Automation and Digitization are the current buzz words unanimously across all business verticals. It is also the practical way forward. Having said that, this time we are pushed face to face to look at business processes and services that were for long off the digital hook. While companies rework their IT strategy to automate all aspects of their services, cloud based solution-ing is finding its leg room. They are easier to deploy, maintain and expand. So why not ?
The only hiccup in this plan of action are the operational and security challenges that come with it. In this blog, we focus on the information security challenges that come with cloud based solution-ing.
Access Management: This is one of the most sought-after security vulnerabilities that hackers try to enumerate and then exploit. Strict access management schemes are the must-have options to safeguard data. The infamous LinkedIn hack of 2016 is one of the worst attacks that happened because of poor access management mechanisms. As a result, approx. 164 million user data including credentials were compromised.
What can we do to tackle this?
Meet the new kid on the block - Multi-Factor Authentication (MFA). MFA for logging into user accounts is the best mechanism to reduce the probability of hackers getting unauthorized access to user accounts. Also, making use of ‘Need to Know’ principle is a very good preventive measure to secure data from unauthorized personnel.

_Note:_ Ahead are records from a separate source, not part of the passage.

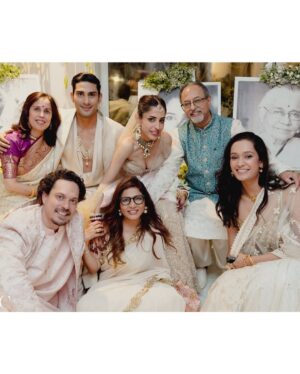 Priya Banerjee Instagram - Surrounded by love 🤍

#priyaKAprateik 🧿

Wedding Curator : Aastha Sharma @aasthasharma from @theweddingstyleproject
Team @dishaalva
Styling and Creative Direction: Aastha Sharma @aasthasharma
@dishaalva

Outfits: Tarun Tahiliani @taruntahiliani 

@khuranajewelleryhouse via @amigos.rizwan

For Priya 
Hair by Aanchal A Morwani @hot.hair.balloon
Make up by Riddhima Sharma @makeupbyriddhima

For Prateik
Makeup- @kajol_kanther
Hair- @kaustubhpevekar

Design & Decor - Bling Mushrooms @blingmushrooms @preet_h_jain

Florals & execution - Bling Mushrooms @blingmushrooms

Event Catering by The Big Zest (@thebigzest) 

Mehndi : Jyoti Chheda @bridalmehndiqueen 

Invitation & Event stationery - @akankshanegidesign @akanksha_negi 

Dessert table design : Pastry chef and founder of Le15. @poojadhingra @le15India

Photography and videos by @thehouseontheclouds 

Wedding and Artist PR : @nidhig14 @planetmediapr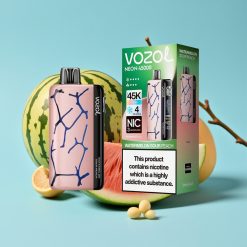 Vozol Neon 45K 45000 Puffs Adjustable Ice Airflow Watermelon Sour Peach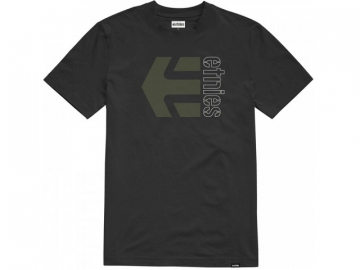 Etnies Corp Combo SS Tee Black/Green/White (imagine principala)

Data Breach (Cloud Storage): Data breaches occur due to 2 main factors – Humans and Humans. Yes, you heard it right. Humans are the primary reason for any data breach but by humans I mean malicious human a.k.a hackers along with their accomplice (can be inside the organization where data breach has occurred) and those who are tricked by the malicious human to make the breach happen in the first place. Most Data breaches occur due to human negligence (like being unaware of criticality of data, security implications and the information security awareness in general).
That being said, weakness in technology is also a factor for data breaches but can of course be rectified. Some measures that could be implemented are MFA, Data-at-rest encryption (for logs, DB, datasets, etc.) and last but not the least perimeter firewalls. Perimeter Firewalls between a private (internal) network and public network must be implemented to control the traffic flowing in & out of the network. Internal firewalls must be coupled along with perimeter firewalls to monitor and detect anomalies in the authorized network traffic.
Data Loss: This type of security threat is more hurting than the data breaches because of the inability to retrieve the original data, leading to huge losses. This happens due to factors such as data alteration, unreliable storage services that face outages (e.g. of service provider inefficiency), data deletion and the loss of access to the data. However, these could be prevented by the use of efficient back-up methodologies like RAID (Redundant Array of inexpensive Disks) services and geographically spanned servers which allow fast revival of data when one unit goes down because of problems in a specific geographical location.
Insecure API: API is another technology which makes accessing different web services easy for customers. API also has security implications like inefficient API code leading to access without effective authentication mechanisms, lack of access monitoring and the re-usability of tokens and passwords which could be exploited during brute force attacks. To prevent this from happening, regular penetration tests should be performed on the API to examine any weaknesses in the API and subsequently filling up the vulnerabilities found. General audits must also be performed on the API so as to have a thorough validation of the API.
Finally, implementation of SSL over TLS for data in transit should be made a mandatory requirement to safeguard the data that is transmitted over public network. HTTPS is a very good example of this methodology that has been adopted by majority of the organizations that value the two major aspects of information security i.e Authenticity and Confidentiality of data.
Misconfigurations: This risk can be thought of as the parent risk to the above-mentioned risk which is Insecure API. The most common types of security misconfigurations are retaining default security settings, mismatch in access management rules (When unauthorized personnel get access to data that is sensitive unintentionally) and access to data without storage protection i.e. when sensitive data is stored without the requirement of authorization.
Increased DoS/DDoS: Finally, the most common and easiest type of attack that a malicious entity can perform is the DoS/DDoS attack. One of the major pitching points in cloud technologies is the ability to scale resources effectively but the same does not protect an organization during a DoS or DDoS attack. Every system has a limit to which they can sustain traffic load. DDoS attacks keep replicating by itself once the systems in line are compromised. Therefore, having good scalability is not always the best alternative.
In order to protect an organization from these attacks, effective IDS/IPS must be implemented and needs to be constantly updated. Also, stateful packet inspection is a must so as to check and allow packets in a more proactive approach. The next approach could be to limit the bandwidth usage to the extent at which a server can run effectively.
A more proactive approach should be taken to inspect bandwidth usage so as to be ready when an attempt to DoS/DDoS is suspected. Finally, blocking the source IP’s that were previously found and considered to be malicious helps in keeping the situation under control.
To conclude this blog, cloud computing has been a great boom in the current industry and has been a very helpful technology in bringing revolutionary innovations. However, effective data security continues to be a challenge and this challenge is worth taking on considering the availability and scalability pay offs.